◆ HOW TO COMPLETE THIS TASK ◆
Could you copy exactly the lines from the one containing "Paddle gonflable Zray R2" through the last line of the records, leaving out every picture?

◆ Image-text web data ◆
· · ·
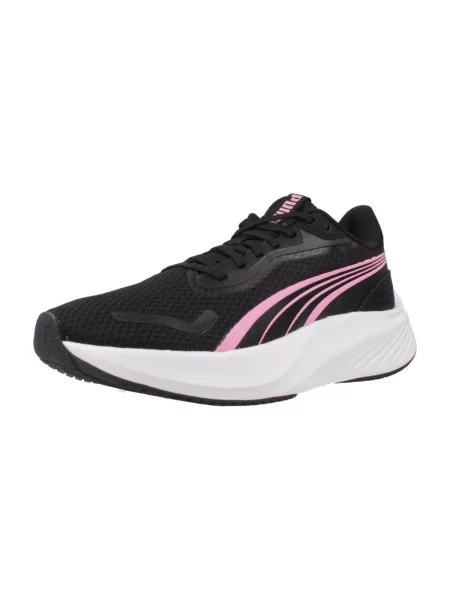Pantofi copii Puma negru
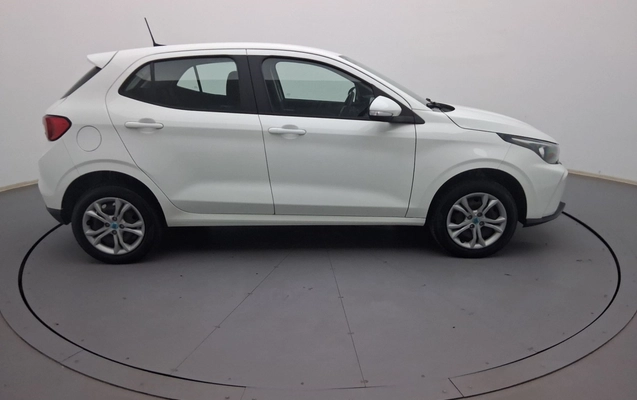 imagem-https://www.socarrao.com.br/sc-vehicle-images-prod/3971442/1789878731451-1_015534.jpg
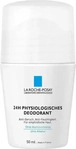 PZN-DE 06475968, L'Oreal Gesch&auml;ftsbereich La Roche-Posay M1034200, L'Oreal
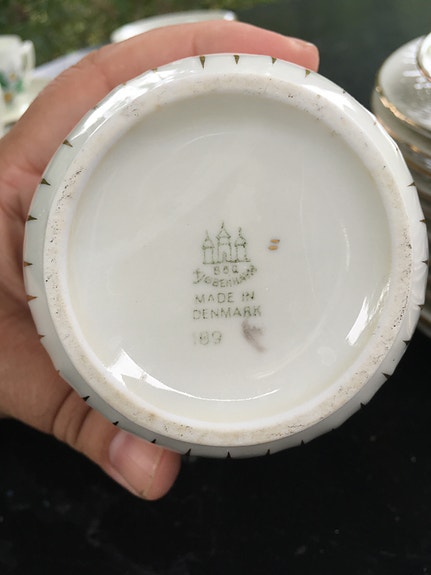 Product image 22 of 27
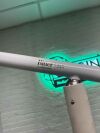 MIDMARK Ritter 255 LED Procedure Light O/R Light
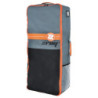 Paddle gonflable Zray R2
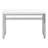 Computer Desk, Home Office, Standing, Adjustable, 48"L, Work-467942517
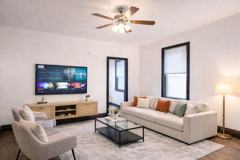 The Oak - 3227 Joe Hammer Sq - Photo 1 of 1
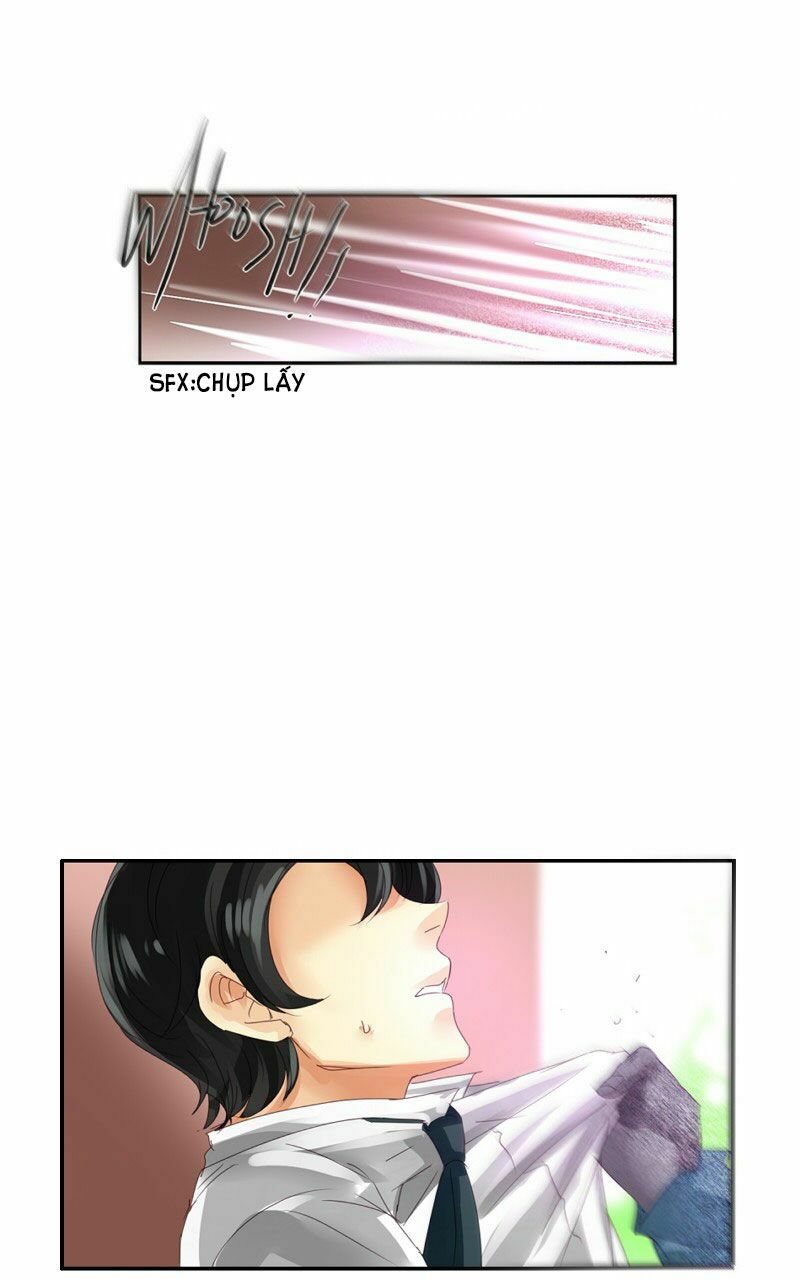 unordinary chapter 5 19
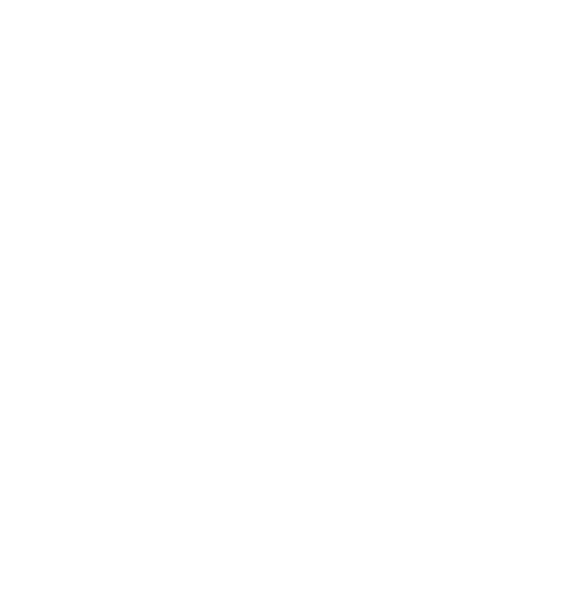 Natchan ロゴ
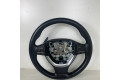 Руль BMW 5 F10 F11  2009-2016 года 610224610      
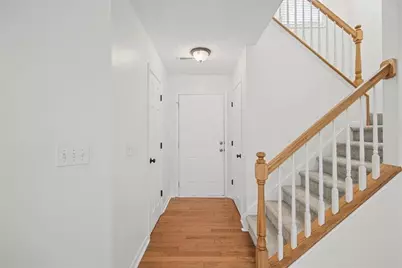 506 Weatherstone Court, Woodstock, GA 30188 - Photo 8
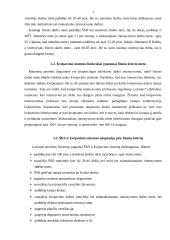 Motorika ir raumenys 7 puslapis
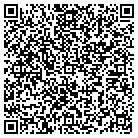 QR code with Kurt B Fleckenstein Dds contacts
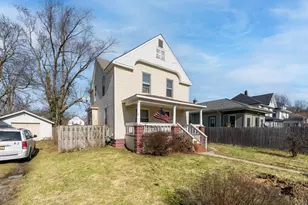 1411 Egleston Ave, Kalamazoo, MI 49001 - Photo 22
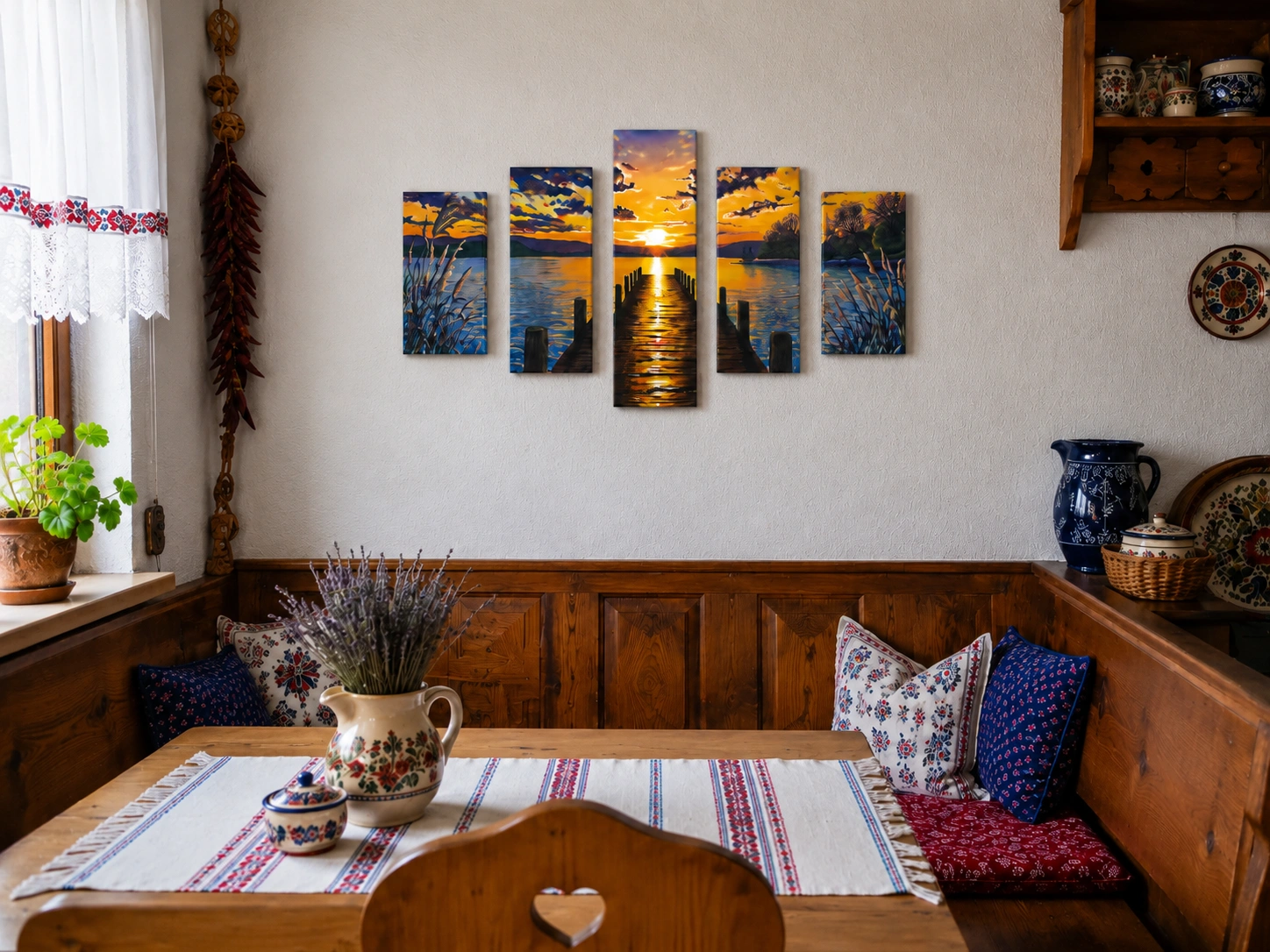 ChatGPT%20Image%202026.%20ju%CC%81l.%2010.%2014 20 16%20%288%29.webp - ValdorArt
· · ·
◆ ANSWER TO THIS TASK ◆
 Paddle gonflable Zray R2
 Computer Desk, Home Office, Standing, Adjustable, 48"L, Work-467942517
 The Oak - 3227 Joe Hammer Sq - Photo 1 of 1
 unordinary chapter 5 19
 Natchan ロゴ
 Руль BMW 5 F10 F11  2009-2016 года 610224610      
 506 Weatherstone Court, Woodstock, GA 30188 - Photo 8
 Motorika ir raumenys 7 puslapis
 QR code with Kurt B Fleckenstein Dds contacts
 1411 Egleston Ave, Kalamazoo, MI 49001 - Photo 22
 ChatGPT%20Image%202026.%20ju%CC%81l.%2010.%2014 20 16%20%288%29.webp - ValdorArt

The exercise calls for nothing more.